There’s a market correction coming, much like the one ongoing in Major League Baseball. Agents believe their players are worth a number similar to the enormous dollar amounts in the past, while teams claim they’ve reached their budget and therefore have limited available funds to spend. There’s no salary cap in baseball, so it’s not exactly the same as the NBA, which has a “soft” cap. But players may also see a significant dip in earnings this offseason.

With few teams expected to have cap room, players will have less leverage to demand big-money deals. As one exec put it to me: Whereas recent deals looked like massive overpays, contracts this summer will look like bargains.
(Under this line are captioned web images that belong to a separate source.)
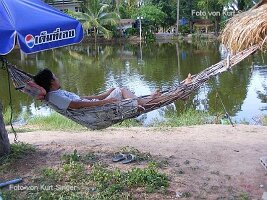 Menschen in Thailand-059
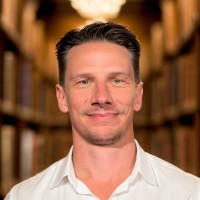 Erik Boucher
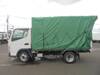 FUSO CANTER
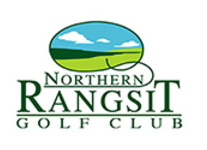 Northern Rangsit Golf Club à Bangkok | Thailand Golf Course, Bangkok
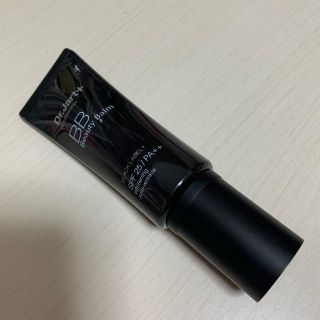 ドクタージャルト(Dr. Jart+)のドクタージャルト/BBクリーム /SPF25/PA++40ml(BBクリーム)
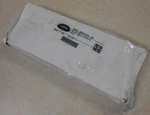 Dennis Carpenter 1964-72 Ford Truck 1966-77 Bronco Tailgate Handle Mount Plate. Fixed Price $43.99.
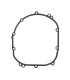 CLTCH CVR GSKET Z750/1000
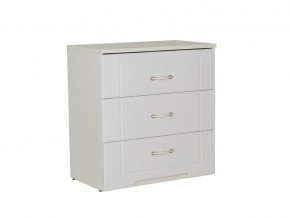 Комод Виктория 3  в Губкинском - gubkinskiy.mebel24.online | фото 2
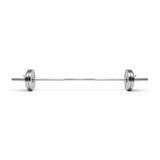 USI Venus Olympic Barbell (Women)
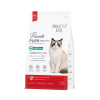 PURR SMOOTH+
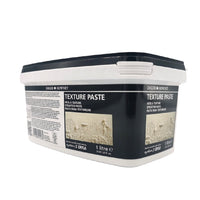 DALER ROWNEY D&R System3 štruktúrovacia pasta 1000 ml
If teams are smart and only the truly special players are given max money, then there’s an opportunity to recalibrate what players are worth.

That could mean a reckoning for the upper-middle-class contract, like the $17 million annually the Magic are shelling out to both Biyombo and Evan Fournier, because there’s simply not a lot of free cap space to spend on them. To sign players of this quality, teams might instead use the non-taxpayer midlevel exception, which is currently worth $8.4 million and will near $10 million in the coming years. Or they’ll re-sign such players using Bird rights.

Some league executives even think some teams could aim to avoid deals in this range altogether. As the dollar amounts for the true stars skyrocket, there will be an even greater incentive than there already is to target younger, cheaper talent to fill out a roster around them. The Celtics don’t have a single player making between $6 million and the max. The Thunder have two maxes (Paul George, Russell Westbrook) and two near-maxes (Carmelo Anthony, Steven Adams) but only one contract in the middle (Andre Roberson). Meanwhile, the Blazers have five deals between $6 million and $20 million, the Wolves have six, and the Bucks have seven. As a result, all three franchises will likely lose future flexibility.

This summer could end up setting a new precedent for what a player is worth—though it may only be temporary. We might be right back where we started once all the bad contracts are off the books and teams have new cap space to burn. That’s when we’ll learn which franchises have learned from their mistakes, and which are stuck in a never-ending cycle of bad decisions.